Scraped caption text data
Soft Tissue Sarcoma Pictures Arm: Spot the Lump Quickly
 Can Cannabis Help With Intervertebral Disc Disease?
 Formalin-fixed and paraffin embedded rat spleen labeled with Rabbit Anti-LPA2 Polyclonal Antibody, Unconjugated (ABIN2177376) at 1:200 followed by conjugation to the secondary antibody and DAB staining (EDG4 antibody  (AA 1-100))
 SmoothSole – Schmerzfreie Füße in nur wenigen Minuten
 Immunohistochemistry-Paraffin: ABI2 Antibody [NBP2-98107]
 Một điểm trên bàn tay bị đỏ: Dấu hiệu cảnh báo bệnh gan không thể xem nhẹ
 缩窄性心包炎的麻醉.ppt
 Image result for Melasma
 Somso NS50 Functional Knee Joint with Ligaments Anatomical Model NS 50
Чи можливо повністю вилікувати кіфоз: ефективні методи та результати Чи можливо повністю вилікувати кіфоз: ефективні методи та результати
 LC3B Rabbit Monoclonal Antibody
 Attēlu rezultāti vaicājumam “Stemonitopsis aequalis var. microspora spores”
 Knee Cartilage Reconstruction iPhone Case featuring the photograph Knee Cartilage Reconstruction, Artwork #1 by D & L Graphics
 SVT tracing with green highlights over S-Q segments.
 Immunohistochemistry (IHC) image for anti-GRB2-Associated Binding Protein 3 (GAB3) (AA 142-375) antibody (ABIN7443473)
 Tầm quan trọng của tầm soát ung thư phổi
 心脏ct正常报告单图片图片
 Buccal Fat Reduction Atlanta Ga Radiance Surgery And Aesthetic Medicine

▸ **About this exercise**: Filter the records for lines containing the word "Knee" and copy each one.

▸ **Exercise result**:
 Somso NS50 Functional Knee Joint with Ligaments Anatomical Model NS 50
 Knee Cartilage Reconstruction iPhone Case featuring the photograph Knee Cartilage Reconstruction, Artwork #1 by D & L Graphics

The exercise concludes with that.